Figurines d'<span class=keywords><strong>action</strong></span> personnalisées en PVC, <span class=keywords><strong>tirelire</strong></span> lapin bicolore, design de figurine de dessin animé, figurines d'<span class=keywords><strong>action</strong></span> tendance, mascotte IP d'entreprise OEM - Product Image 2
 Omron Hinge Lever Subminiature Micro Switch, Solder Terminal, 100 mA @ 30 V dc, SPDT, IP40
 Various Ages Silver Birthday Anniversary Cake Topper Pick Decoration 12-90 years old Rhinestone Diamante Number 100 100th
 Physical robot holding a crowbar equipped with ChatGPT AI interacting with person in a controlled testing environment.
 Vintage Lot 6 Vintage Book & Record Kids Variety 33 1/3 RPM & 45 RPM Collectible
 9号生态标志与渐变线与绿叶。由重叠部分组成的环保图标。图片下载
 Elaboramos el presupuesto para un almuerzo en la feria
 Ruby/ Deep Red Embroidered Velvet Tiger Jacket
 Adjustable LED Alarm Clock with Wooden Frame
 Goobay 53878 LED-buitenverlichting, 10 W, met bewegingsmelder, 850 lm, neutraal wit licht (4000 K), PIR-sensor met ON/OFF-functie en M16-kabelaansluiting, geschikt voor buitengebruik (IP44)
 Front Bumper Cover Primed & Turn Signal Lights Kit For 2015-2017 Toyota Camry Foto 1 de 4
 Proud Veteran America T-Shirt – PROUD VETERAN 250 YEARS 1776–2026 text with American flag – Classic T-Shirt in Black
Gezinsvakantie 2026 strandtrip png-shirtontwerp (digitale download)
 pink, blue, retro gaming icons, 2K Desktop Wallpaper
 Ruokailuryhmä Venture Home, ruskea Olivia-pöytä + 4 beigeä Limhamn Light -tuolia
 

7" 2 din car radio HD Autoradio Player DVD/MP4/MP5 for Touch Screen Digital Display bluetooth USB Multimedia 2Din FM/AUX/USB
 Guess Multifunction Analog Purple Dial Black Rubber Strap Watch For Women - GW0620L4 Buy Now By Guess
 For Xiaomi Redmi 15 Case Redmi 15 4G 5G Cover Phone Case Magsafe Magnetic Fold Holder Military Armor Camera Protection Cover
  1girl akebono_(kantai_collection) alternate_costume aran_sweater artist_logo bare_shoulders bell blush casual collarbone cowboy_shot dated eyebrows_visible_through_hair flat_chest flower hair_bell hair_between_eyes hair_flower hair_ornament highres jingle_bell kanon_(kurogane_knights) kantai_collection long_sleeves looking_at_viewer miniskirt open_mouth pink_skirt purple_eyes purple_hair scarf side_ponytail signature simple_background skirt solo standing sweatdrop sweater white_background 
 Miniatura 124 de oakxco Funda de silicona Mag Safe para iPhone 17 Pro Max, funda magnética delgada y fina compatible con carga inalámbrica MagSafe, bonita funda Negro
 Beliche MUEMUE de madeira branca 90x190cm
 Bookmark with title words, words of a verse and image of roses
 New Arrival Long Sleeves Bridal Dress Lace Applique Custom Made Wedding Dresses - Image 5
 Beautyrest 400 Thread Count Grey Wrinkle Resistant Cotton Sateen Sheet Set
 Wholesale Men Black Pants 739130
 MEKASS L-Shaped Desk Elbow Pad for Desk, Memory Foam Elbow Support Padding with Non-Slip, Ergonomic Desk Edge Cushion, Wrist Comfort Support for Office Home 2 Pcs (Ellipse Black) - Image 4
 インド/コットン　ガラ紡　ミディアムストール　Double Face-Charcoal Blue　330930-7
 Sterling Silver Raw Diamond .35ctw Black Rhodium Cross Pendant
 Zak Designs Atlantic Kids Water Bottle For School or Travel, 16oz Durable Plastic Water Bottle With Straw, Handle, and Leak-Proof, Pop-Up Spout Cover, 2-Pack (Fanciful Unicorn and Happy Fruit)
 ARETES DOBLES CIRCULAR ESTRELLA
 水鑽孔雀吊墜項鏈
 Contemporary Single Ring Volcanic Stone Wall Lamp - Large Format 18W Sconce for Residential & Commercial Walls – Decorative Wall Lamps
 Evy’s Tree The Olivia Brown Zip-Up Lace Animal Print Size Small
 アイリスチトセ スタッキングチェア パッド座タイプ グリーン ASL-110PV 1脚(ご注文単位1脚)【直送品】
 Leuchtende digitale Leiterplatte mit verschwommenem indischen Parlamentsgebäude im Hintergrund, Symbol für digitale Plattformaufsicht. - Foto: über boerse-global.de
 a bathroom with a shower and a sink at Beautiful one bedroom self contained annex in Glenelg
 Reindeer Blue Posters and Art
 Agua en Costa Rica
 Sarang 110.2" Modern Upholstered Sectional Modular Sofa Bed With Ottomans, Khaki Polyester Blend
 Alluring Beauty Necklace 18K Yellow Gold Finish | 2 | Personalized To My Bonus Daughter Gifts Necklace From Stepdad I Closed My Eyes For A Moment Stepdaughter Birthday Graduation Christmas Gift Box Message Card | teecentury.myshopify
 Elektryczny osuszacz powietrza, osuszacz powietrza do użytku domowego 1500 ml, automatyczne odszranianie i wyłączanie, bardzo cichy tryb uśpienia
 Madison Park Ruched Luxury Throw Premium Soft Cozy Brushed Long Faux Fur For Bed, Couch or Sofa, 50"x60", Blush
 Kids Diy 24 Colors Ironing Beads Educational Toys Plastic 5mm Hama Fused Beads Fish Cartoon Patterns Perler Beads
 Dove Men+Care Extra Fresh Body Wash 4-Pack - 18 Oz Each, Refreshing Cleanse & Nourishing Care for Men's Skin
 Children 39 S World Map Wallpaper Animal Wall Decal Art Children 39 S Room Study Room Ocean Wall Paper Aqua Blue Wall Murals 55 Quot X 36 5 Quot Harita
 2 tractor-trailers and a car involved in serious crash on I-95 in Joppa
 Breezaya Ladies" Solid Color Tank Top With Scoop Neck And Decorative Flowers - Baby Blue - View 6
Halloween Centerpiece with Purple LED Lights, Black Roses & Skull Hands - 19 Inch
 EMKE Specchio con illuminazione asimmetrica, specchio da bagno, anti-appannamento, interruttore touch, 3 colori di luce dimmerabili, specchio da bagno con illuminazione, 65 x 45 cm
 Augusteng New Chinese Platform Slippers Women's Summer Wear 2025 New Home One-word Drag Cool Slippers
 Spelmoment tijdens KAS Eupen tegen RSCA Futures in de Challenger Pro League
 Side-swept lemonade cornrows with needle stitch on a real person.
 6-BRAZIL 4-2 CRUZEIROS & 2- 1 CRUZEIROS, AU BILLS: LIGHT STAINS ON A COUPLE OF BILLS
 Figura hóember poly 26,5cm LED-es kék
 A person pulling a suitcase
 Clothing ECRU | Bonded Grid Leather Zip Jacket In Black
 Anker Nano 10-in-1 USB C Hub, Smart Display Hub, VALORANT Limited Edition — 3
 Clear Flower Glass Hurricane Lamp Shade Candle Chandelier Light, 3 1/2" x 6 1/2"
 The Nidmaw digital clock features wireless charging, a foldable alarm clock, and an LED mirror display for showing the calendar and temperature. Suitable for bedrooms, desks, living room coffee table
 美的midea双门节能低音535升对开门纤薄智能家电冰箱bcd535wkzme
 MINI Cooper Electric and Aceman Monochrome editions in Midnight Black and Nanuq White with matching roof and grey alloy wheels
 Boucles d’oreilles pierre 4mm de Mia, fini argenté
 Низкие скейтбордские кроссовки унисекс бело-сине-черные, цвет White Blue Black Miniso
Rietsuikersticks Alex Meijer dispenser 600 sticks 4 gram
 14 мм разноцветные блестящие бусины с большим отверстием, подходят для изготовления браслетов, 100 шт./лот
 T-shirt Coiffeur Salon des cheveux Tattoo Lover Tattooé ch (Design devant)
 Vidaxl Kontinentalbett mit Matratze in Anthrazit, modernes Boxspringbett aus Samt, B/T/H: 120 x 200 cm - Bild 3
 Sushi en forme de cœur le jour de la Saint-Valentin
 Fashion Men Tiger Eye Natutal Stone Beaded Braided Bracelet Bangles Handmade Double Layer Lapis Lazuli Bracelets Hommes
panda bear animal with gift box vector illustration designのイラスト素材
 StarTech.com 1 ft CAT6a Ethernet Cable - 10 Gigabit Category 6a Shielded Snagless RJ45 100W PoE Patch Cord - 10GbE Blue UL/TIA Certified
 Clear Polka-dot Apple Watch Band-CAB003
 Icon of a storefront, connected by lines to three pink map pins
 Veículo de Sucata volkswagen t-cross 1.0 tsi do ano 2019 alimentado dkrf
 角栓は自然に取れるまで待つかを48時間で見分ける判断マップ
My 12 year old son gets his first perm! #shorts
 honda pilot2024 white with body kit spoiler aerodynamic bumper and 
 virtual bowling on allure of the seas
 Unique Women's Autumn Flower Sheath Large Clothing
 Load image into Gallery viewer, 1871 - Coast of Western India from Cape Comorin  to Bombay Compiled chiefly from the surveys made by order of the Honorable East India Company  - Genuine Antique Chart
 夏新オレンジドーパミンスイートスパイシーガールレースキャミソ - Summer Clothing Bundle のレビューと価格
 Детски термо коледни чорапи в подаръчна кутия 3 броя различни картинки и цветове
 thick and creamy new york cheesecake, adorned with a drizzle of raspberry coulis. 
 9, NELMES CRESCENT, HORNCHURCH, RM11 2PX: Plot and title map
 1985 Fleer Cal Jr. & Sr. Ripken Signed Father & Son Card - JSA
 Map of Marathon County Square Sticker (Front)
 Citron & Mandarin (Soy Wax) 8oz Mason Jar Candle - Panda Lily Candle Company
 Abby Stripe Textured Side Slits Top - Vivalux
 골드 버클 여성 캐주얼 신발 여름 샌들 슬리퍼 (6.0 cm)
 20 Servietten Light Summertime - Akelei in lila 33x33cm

^^^^^^^^

TASK PROMPT: Copy out the entries above exactly as given, starting at the top and ending with the line containing "For Xiaomi Redmi"; include both and nothing more.

TASK RESPONSE:
Figurines d'<span class=keywords><strong>action</strong></span> personnalisées en PVC, <span class=keywords><strong>tirelire</strong></span> lapin bicolore, design de figurine de dessin animé, figurines d'<span class=keywords><strong>action</strong></span> tendance, mascotte IP d'entreprise OEM - Product Image 2
 Omron Hinge Lever Subminiature Micro Switch, Solder Terminal, 100 mA @ 30 V dc, SPDT, IP40
 Various Ages Silver Birthday Anniversary Cake Topper Pick Decoration 12-90 years old Rhinestone Diamante Number 100 100th
 Physical robot holding a crowbar equipped with ChatGPT AI interacting with person in a controlled testing environment.
 Vintage Lot 6 Vintage Book & Record Kids Variety 33 1/3 RPM & 45 RPM Collectible
 9号生态标志与渐变线与绿叶。由重叠部分组成的环保图标。图片下载
 Elaboramos el presupuesto para un almuerzo en la feria
 Ruby/ Deep Red Embroidered Velvet Tiger Jacket
 Adjustable LED Alarm Clock with Wooden Frame
 Goobay 53878 LED-buitenverlichting, 10 W, met bewegingsmelder, 850 lm, neutraal wit licht (4000 K), PIR-sensor met ON/OFF-functie en M16-kabelaansluiting, geschikt voor buitengebruik (IP44)
 Front Bumper Cover Primed & Turn Signal Lights Kit For 2015-2017 Toyota Camry Foto 1 de 4
 Proud Veteran America T-Shirt – PROUD VETERAN 250 YEARS 1776–2026 text with American flag – Classic T-Shirt in Black
Gezinsvakantie 2026 strandtrip png-shirtontwerp (digitale download)
 pink, blue, retro gaming icons, 2K Desktop Wallpaper
 Ruokailuryhmä Venture Home, ruskea Olivia-pöytä + 4 beigeä Limhamn Light -tuolia
 

7" 2 din car radio HD Autoradio Player DVD/MP4/MP5 for Touch Screen Digital Display bluetooth USB Multimedia 2Din FM/AUX/USB
 Guess Multifunction Analog Purple Dial Black Rubber Strap Watch For Women - GW0620L4 Buy Now By Guess
 For Xiaomi Redmi 15 Case Redmi 15 4G 5G Cover Phone Case Magsafe Magnetic Fold Holder Military Armor Camera Protection Cover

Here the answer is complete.